2 of 123 comments (clear)

  1. Re:Next year by Dutch+Gun · · Score: -1, Troll

    I read the first item ("guard" keyword) a couple of times, and I'm still having trouble figuring out what it does that a simple "if" statement doesn't do. It is just syntactic sugar for the if statement, but used to indicate precondition checks? I feel like I'm missing something obvious.

    Defer keyword... interesting idea. C++ has destructors, but in many cases, if the object isn't already wrapped up, it's a lot of boilerplate code to do so. Still, for most of the daily work I do, I'm not dealing with raw handles, so I'm much better served with simple destructors. It would be pretty handy if I were writing a lot of C-style code - could replace a lot of those ugly goto statements used to do end-of-function cleanup.

    do...repeat. Sigh... figure this stuff out before version 1 of the language guys. One of C/C++'s strengths is that it's an incredibly stable language. Code written 25 years ago still compiles just fine today. Breaking changes at version 2 doesn't bode well for future stability.

    Apple has also revamped all of the Objective-C APIs that required NS_OPTIONS values to use the new OptionSetType. This causes breaking code changes, but continues to move Swift’s syntax forward along with the APIs that it supports.

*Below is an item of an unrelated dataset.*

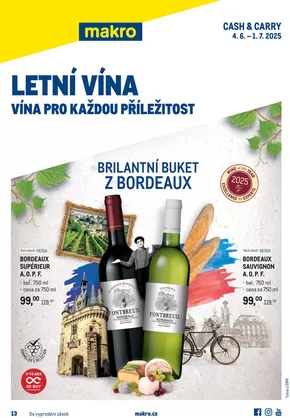 Makro katalog v Pardubice | Letní vína | 2025-06-04T00:00:00.000Z - 2025-07-01T00:00:00.000Z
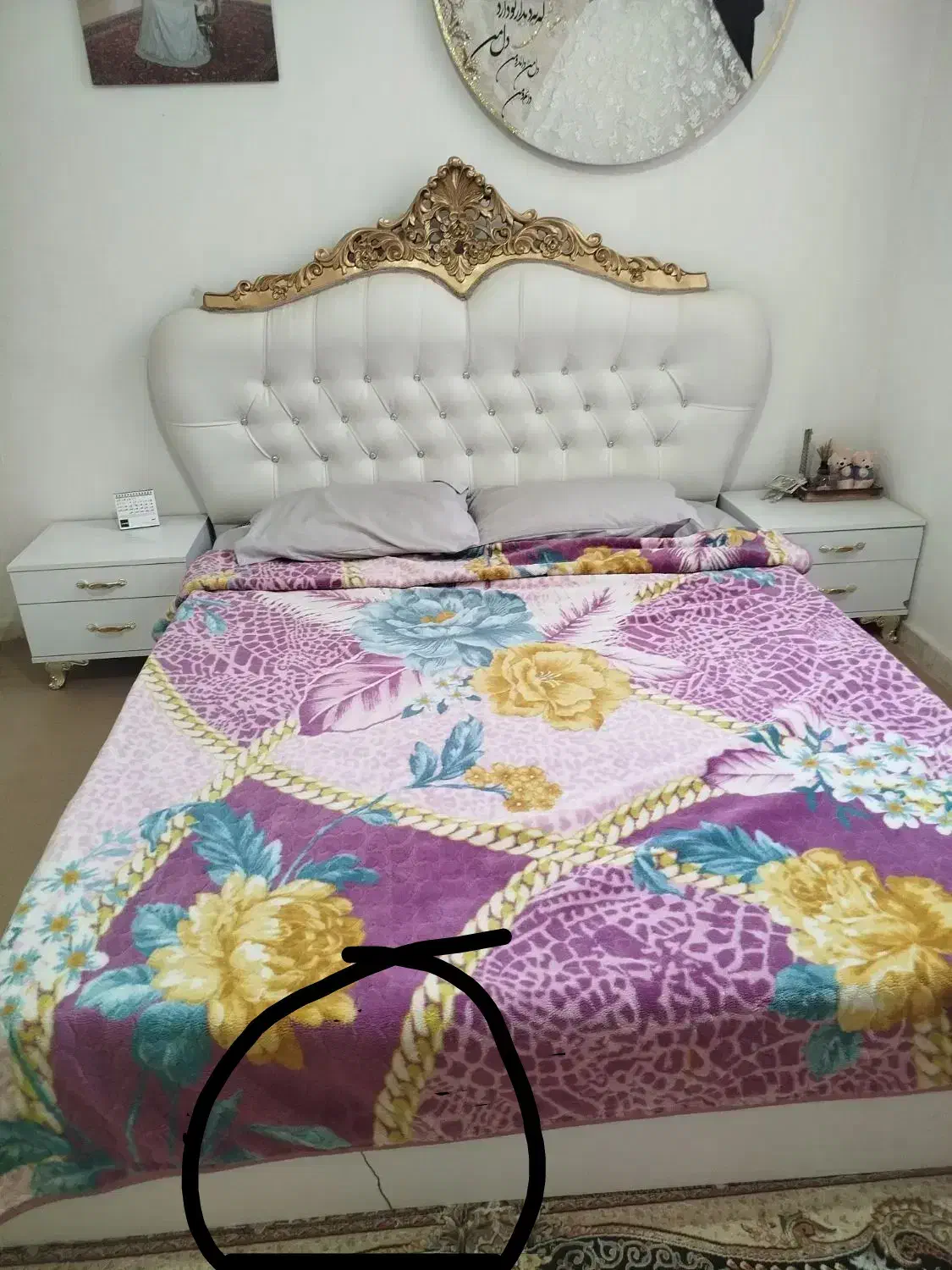 سیروس خواب|تخت و سرویس خواب|فشاپویه, |دیوار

    Well, maybe Apple can get away with this. Mmmm... koolaid...

    --
    Irony: Agile development has too much intertia to be abandoned now.
  2. Swift is making Rust obsolete already! by Anonymous Coward · · Score: 0, Troll

    The most critical thing to understand about Swift is that it's rendering Rust completely obsolete.

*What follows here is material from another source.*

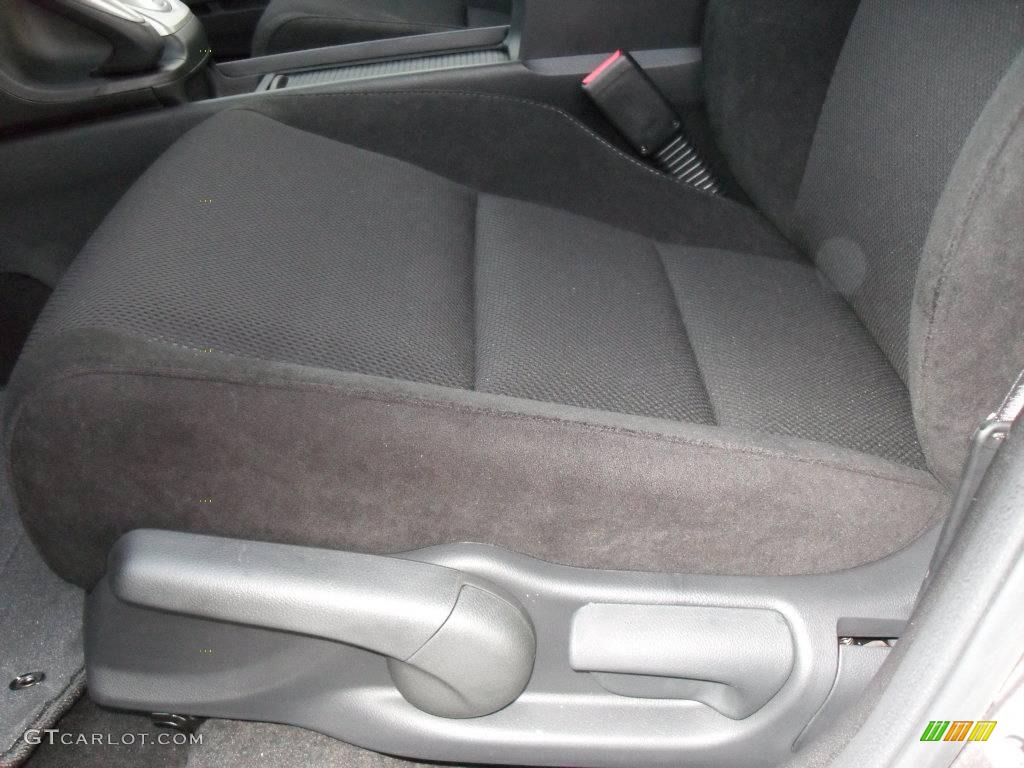 2010 Civic LX-S Sedan - Urban Titanium Metallic / Black photo #9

    Rust was trying to fill the niche between C and C++ on one side, and C# and Java on the other. Rust wants to be low-level, but it also tries to be high-level, too, and without the VM baggage that Java and C# bring.

    But now Swift has come along, and it fits much better than Rust does. Unlike Rust, Swift is a developer-friendly language. It's not there to force an ever-changing "right way" on programmers, like Rust tends to. For example, Rust's supporters tell you that "inheritance is bad, you should use composition" even when the tool you need is inheritance, and if you question them they essentially tell you to fuck off. Swift, on the other hand, provides real OO, and it's a pleasure to use.

    Now that Swift is open source and is going cross platform, the few benefits of Rust are dwindling away to nothing. It's even more important to note that Apple is backing Swift, while Mozilla is backing Rust. As anyone who follows the industry knows, Apple is wildly successful and innovative, with a bright future ahead of it. Mozilla, on the other hand, has been struggling lately. Users are rapidly fleeing Firefox, the only real product Mozilla has these days. Mozilla has also had its share of internal turmoil, especially with how the best CEO Mozilla ever had was forced out merely because of his beliefs about marriage, of all things. I have much more faith in an Apple-sponsored language being around in 5 or 10 years than I do in Mozilla itself surviving that long.

    Mozilla, if they have any sense, would strongly consider dumping Rust in favor of Swift. Swift is the language they need for their Servo browser engine, even if they don't realize it yet. Swift is the future, and Rust is a failure.